A steel beam weights 10 to 100 kg per meter, railway rail is 40 kg/meter, so I’ll take 50 kg. Four story building in Europe is approximately 12m.

In the drawing, beam+timber are almost as long as the building is tall, so for simplicity we can assume 11m, of which 5m is the beam and 6m is the timber, and we can assume the pendulum being suspended at 1m above ground in resting position. Beam’s centre of mass is located at half it’s length, so 8.5m is our effective length. Angle at which the beam-timber are standing looks like, dk, 35°? Then, the beam is suspended ~5m above ground. A 250 kg beam would have potential energy of 12.5 kJ (close to .50 cal). Alternatively, I can guestimate a 100° swing arc and 32 kJ energy, which is slightly more than muzzle energy of 14.5mm anti tank rifle.

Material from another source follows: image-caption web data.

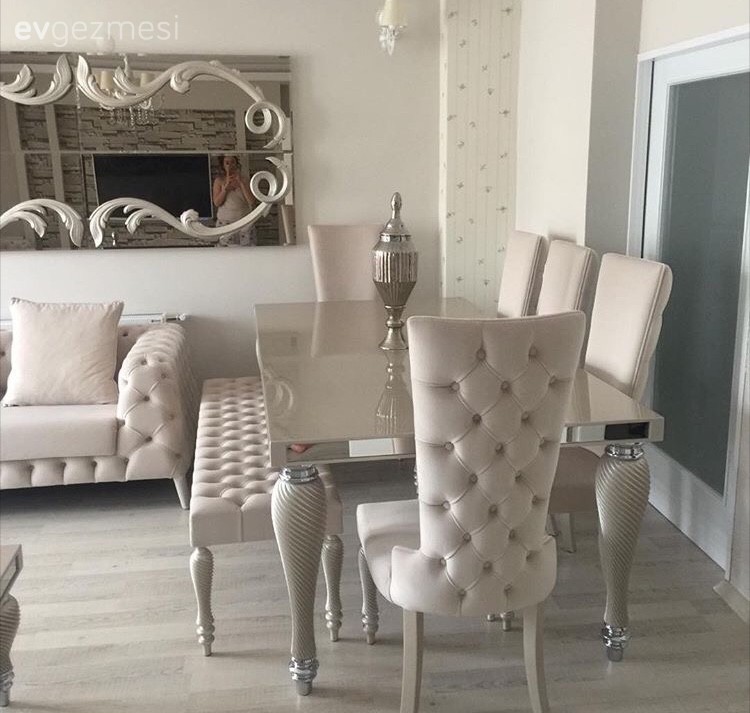 Elif hanımın modern ve klasiğin harmanı, şık ve keyifli evi.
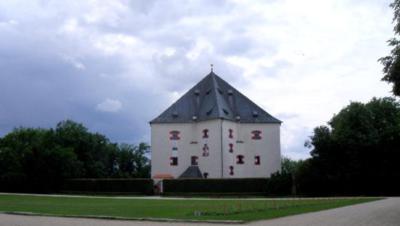 Letohrádek Hvězda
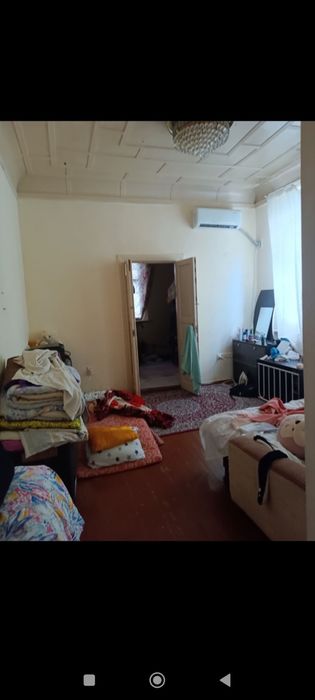 Ховли уй сотилади Северный вагзал оркасида, булип тулашга хам вариант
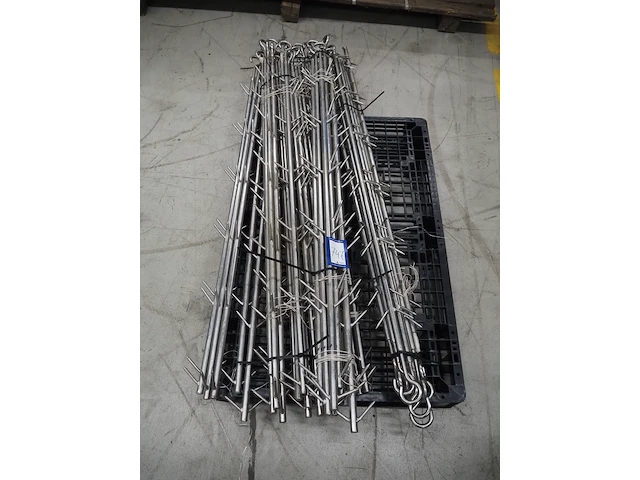 Nn meat hooks - afbeelding 3 van  4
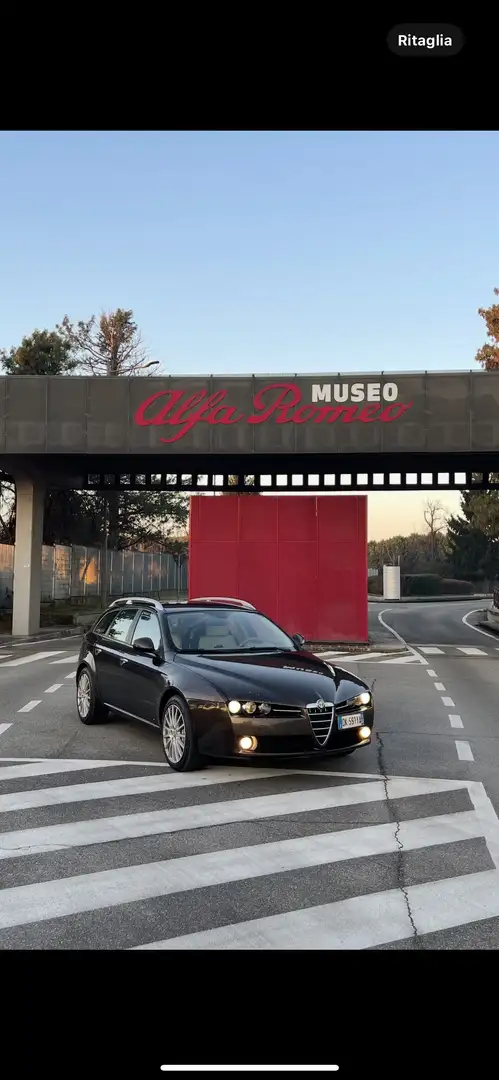 Alfa Romeo 159 SW 2.4 jtdm Distinctive Q4 210cv Brown - 1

With panzers 3 or 4 we’re looking at something like 15-20mm side armour, 14.5mm B-32 bullet (steel core) could pen 32mm at range, probably closer to 40+? point-blank. Of course, a bullet concentrates this force on a small area, through an I beam could also hit with a corner, give or take bigger kinetic energy of the beam and the need to puncture (absolute best case scenario, ofc) 15mm instead of 40+, and the fact that the bullet doesn’t expend all energy purely during pen, so required energy for penetration is even lower. Another interesting moment in considering impact to and near hatches, welds, riveted joints, etc, is that unlike a bullet, which penetrates and carries a significant portion of it’s kinetic energy inside - even a steel beam which initially punctured the armour with it’s corner would still get stuck and transfer all its energy to whichever it hit.

In conclusion, with an older/lighter WW2 tank the beam under optimal conditions could maybe perforate the armour, break some welds, or at least dent it. And if we’re talking about a less armoured vehicle, like an APC or an armoured car- the beam can either go through or significantly bend the ppate, likely disabling the vehicle. Could even work against IFVs (BMPs are cardboard, there are areas on the side which can be penned with small arms), through it’s hard to imagine how it would be worth the hassle in modern context. And in any case crew would get disorientated by their whole world turning into a bell.